_Work order:_
Repeat the data below exactly, dropping any pictures it holds.

_Entries taken from a collection:_
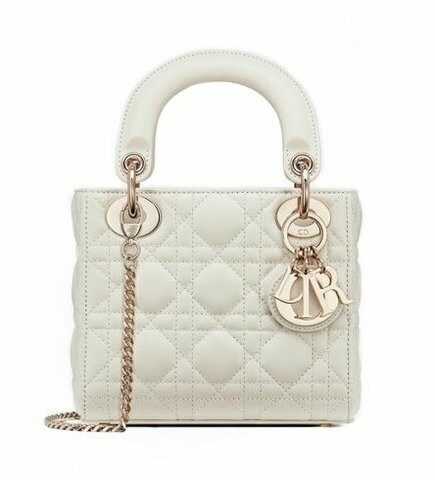 Сумка Dior Lady Dior, модель мини-формата кремовый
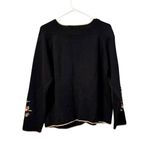 Tiara International Cardigan Sweater Sz L Embroidered Button Floral Sequin 2002 Photo 1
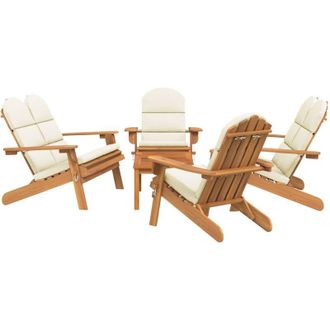 vidaXL Vidaxl - Juego De Muebles De Jard&iacute;n Adirondack 5 Piezas Madera Acacia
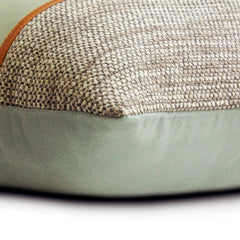 Mint Fresh - Mint Green & Grey Jute & Faux Leather Throw Pillow Cover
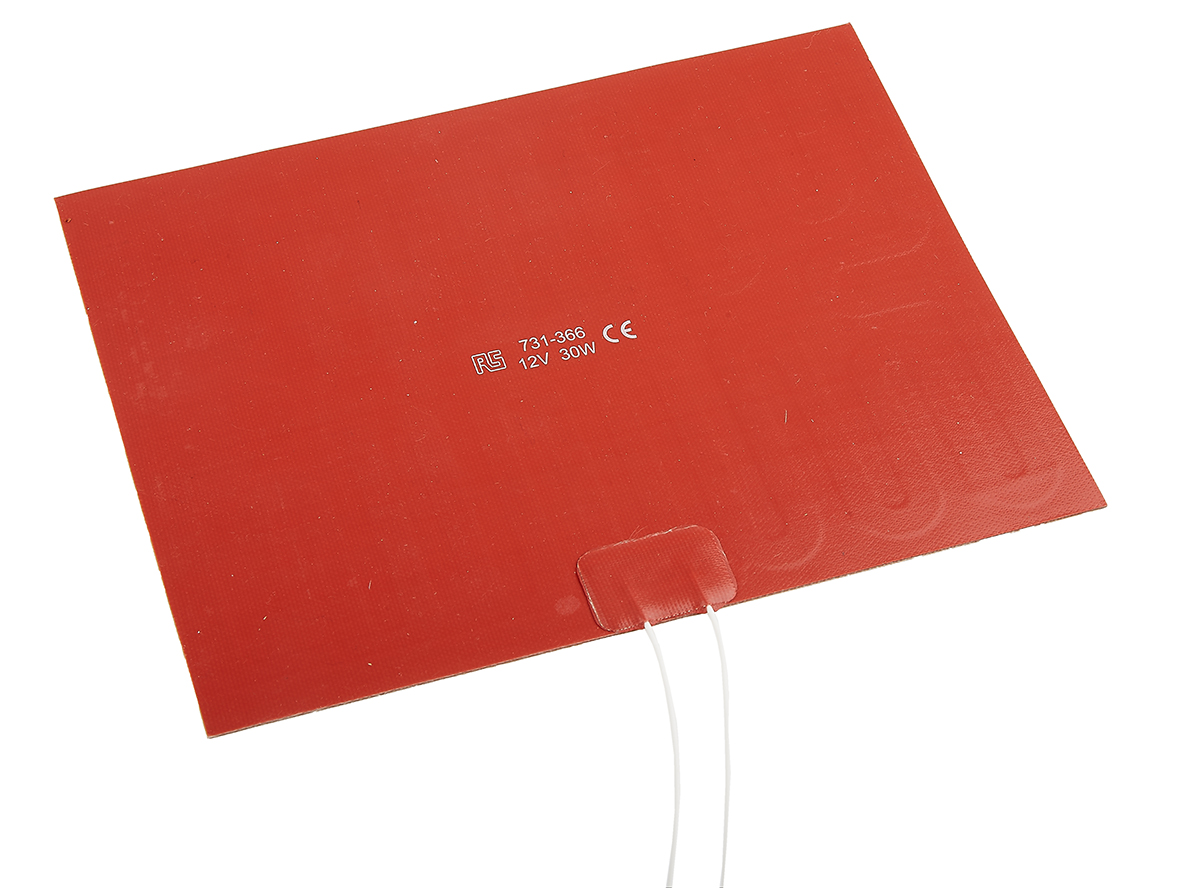 RS PRO Silicone Heater Mat, 12V dc, 30 W Rectangle, 150 mm 200mm
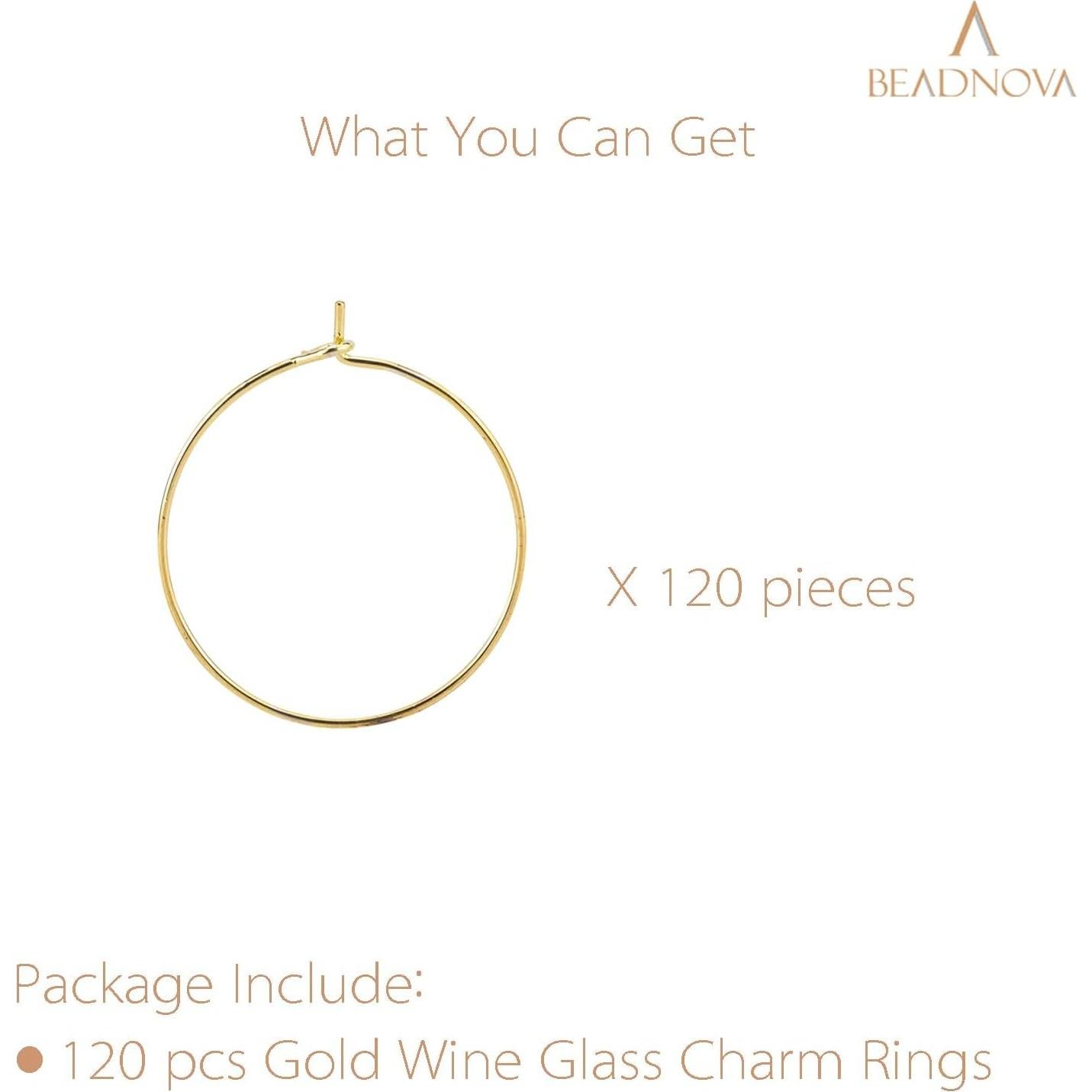 Anillos de Encanto para Copas de Vino BEADNOVA 120pcs Dorado 25mm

_Answer below:_
 Сумка Dior Lady Dior, модель мини-формата кремовый
 Tiara International Cardigan Sweater Sz L Embroidered Button Floral Sequin 2002 Photo 1
 vidaXL Vidaxl - Juego De Muebles De Jard&iacute;n Adirondack 5 Piezas Madera Acacia
 Mint Fresh - Mint Green & Grey Jute & Faux Leather Throw Pillow Cover
 RS PRO Silicone Heater Mat, 12V dc, 30 W Rectangle, 150 mm 200mm
 Anillos de Encanto para Copas de Vino BEADNOVA 120pcs Dorado 25mm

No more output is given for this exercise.